Do black holes have a temperature?

It seems I've come to the party late, and the number one response is predictably that "Yes, blackholes have a temperature because that is what Hawking predicted in his famous paper." But Hawking predicted no such thing! Before I can answer this question I will have to tell you what Hawking actually predicted, which is slightly different than what is often attributed to him.

A remarkable analogy was discovered in 1973 between blackhole physics and thermodynamics by Larry Smarr. What he realized is that just as an object in thermal equilibrium can be completely characterized by 3 quantities: temperature, pressure, and chemical potential (note, these are the so-called intensive variables), so, too, can a black hole be defined by 3 quantities: mass, charge, and angular momentum (using extensive variables this time) in precisely the same way, meaning that the equations that define these two very different physical phenomenon are surprisingly identical. What Bekenstein did is realize that the analogy is perfect if and only if black holes had entropy, which he calculated was proportional to the area of the event horizon. But if black holes have entropy, then they must have temperature according to the laws of thermodynamics. What Hawking did, and what made him famous, is calculate the numerical value of the temperature (it is T=1/(8 pi M), where M is the mass of the black hole).

So you might think that answers your question is "yes," but wait!
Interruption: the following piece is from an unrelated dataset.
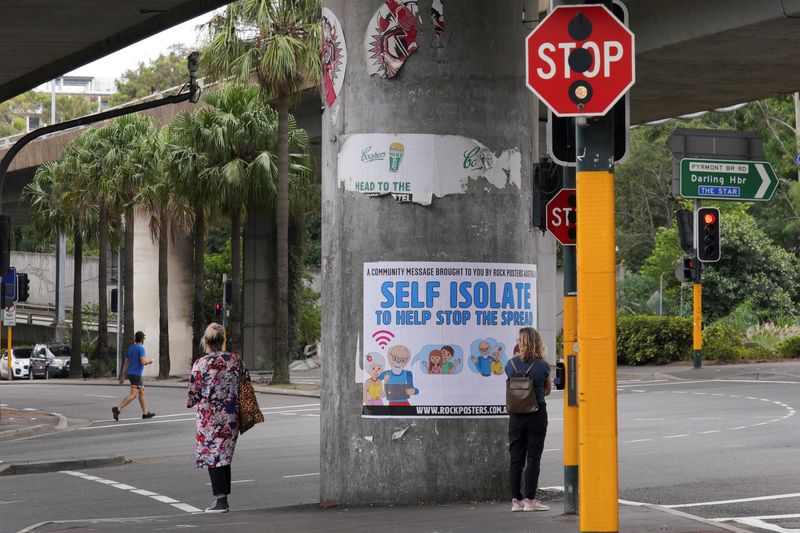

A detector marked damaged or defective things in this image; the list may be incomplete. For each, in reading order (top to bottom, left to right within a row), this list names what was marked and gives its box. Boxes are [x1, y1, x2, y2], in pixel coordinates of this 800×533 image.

Hawking never said blackholes have temperature. If you go back to his paper what he shows is very clear: He states that IF empty space has a temperature, and IF the blackhole is in thermodynamic equilibrium with the ambient space, THEN there is only one temperature the blackhole can have and that is the one quoted above. Now neither of these statements needs to be true. However, we know that the universe does have a finite temperature in empty space (it is 3 kelvin), however, we don't know that a blackhole is in thermodynamics equilibrium with space, and indeed, if it were true then all black holes would have the same temperature as empty space, namely 3 kelvin.
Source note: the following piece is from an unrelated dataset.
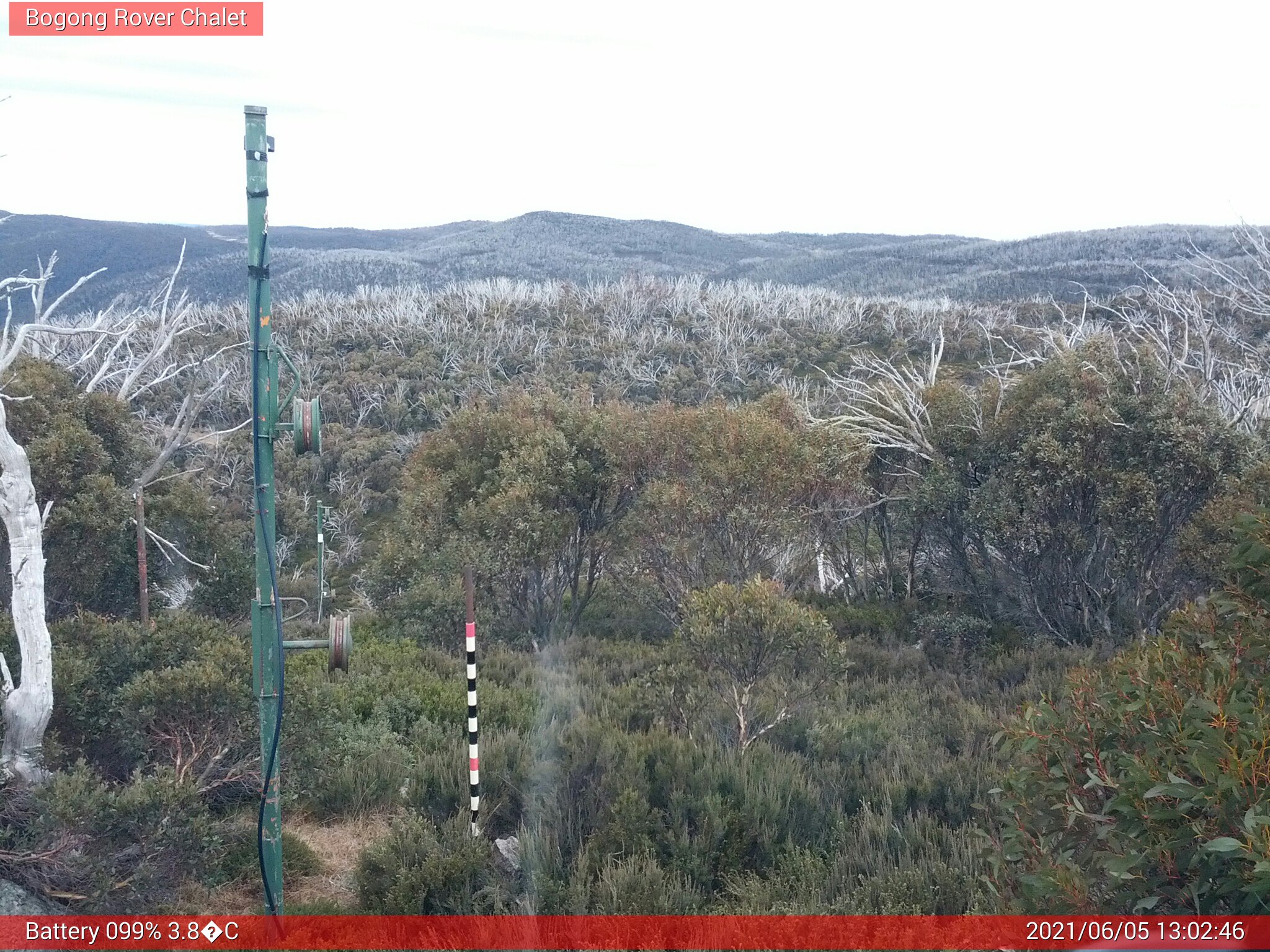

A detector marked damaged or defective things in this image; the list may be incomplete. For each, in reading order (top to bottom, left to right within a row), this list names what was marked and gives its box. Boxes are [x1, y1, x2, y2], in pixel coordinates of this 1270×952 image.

rusty metal pulley wheel [327, 614, 353, 675]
So the question is difficult to answer because it is still in the line of current research. As previous commenters noted, Hawking then claimed that radiation is emitted from black holes in the form of so-called "Hawking radiation" such that heat can escape, but this is an unsubstantiated claim made by Hawking that his own equations never vindicated. Indeed, just after describing the mechanism of "Hawking radiation" by which a particle and anti-particle appear in the vacuum, and then then anti-particle falls into the black hole while the particle escapes to infinity, Hawking then immediately back pedals and states "this is just a heuristic, and not meant to be taken literally" (!) Hawking has to say this, because his equations show no such thing. There are no anti particles in his equations, and he has to assume the vacuum already has a temperature even before the black hole has formed. However, the story is too compelling to ignore and Hawking rocketed to fame in the following years.

Current research is beginning to unravel this yarn. If Hawking radiation exists, then Susskind has shown there is an information paradox that violates the most important law of physics, that no information (energy) is created or destroyed. This has been brought further into focus by Polchinski who has shown that if Hawking is right, then Einstein is wrong. The greatest concession came from Hawking himself when he declared just after Polchinski's paper came out that black holes couldn't even exist, that they were only approximately black, or grey holes, and this meant no information paradox has to exist. This is all as recent as 2013, so you can see the question is still open, but if you want something to feel good about, it was in trying to answer this very question that Juan Maldecena worked out the Holographic priniciple which has become the top cited physics paper of all time. So keep thinking about it and maybe you'll be the one to write the next chapter in the great history of physics.